As part of its new family-oriented website, NRA Family, the organization reimagined popular fairy tales by arming the main characters with guns. The stories, which the NRA posted on its site and in the site’s newsletter, feature illustrations and stories by Amelia Hamilton, a conservative blogger and author.

The first, published on March 17, is called Hansel and Gretel (Have Guns), a new spin on the classic Brothers Grimm story. Instead of being nearly eaten by the witch, the brother and sister duo rescue another boy with guns loaded. They then to return to their village and tell their parents, who storm back guns-a-blazing to capture the witch.

Another story published Friday is a take on Little Red Riding Hood called—you guessed it—Little Red Riding Hood (Has a Gun).
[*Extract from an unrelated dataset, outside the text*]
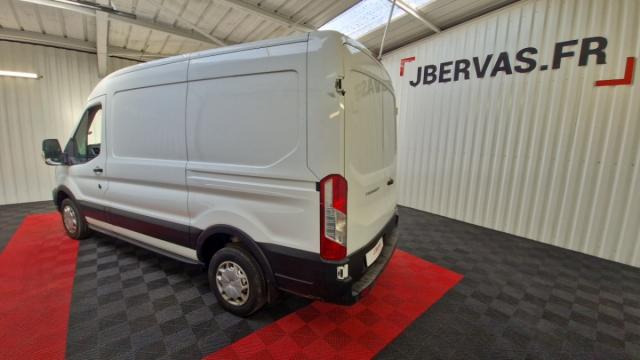 Ford Transit image 9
It follows a similar narrative, with both granny and Little Red packing heat and using their guns to scare the wolf so he can be tied up and carried away.

“As they slowly began to feel calm, Red got her grandmother chicken soup and a cup of tea,” the NRA version of the tale reads. “They sat in companionable silence, happy in the security that comes with knowing they could defend themselves.”

Not everyone is thrilled with these reimagined tales. Dan Gross, president of the Brady Campaign to Prevent Gun Violence, called the series a “depraved marketing campaign” and called the stories “pathetic.”

“Make no mistake, this is a disgusting, morally depraved marketing campaign,” he said in a statement. “The NRA continues to stoop to new lows in the hopes of shoving guns into America’s youngest hands.”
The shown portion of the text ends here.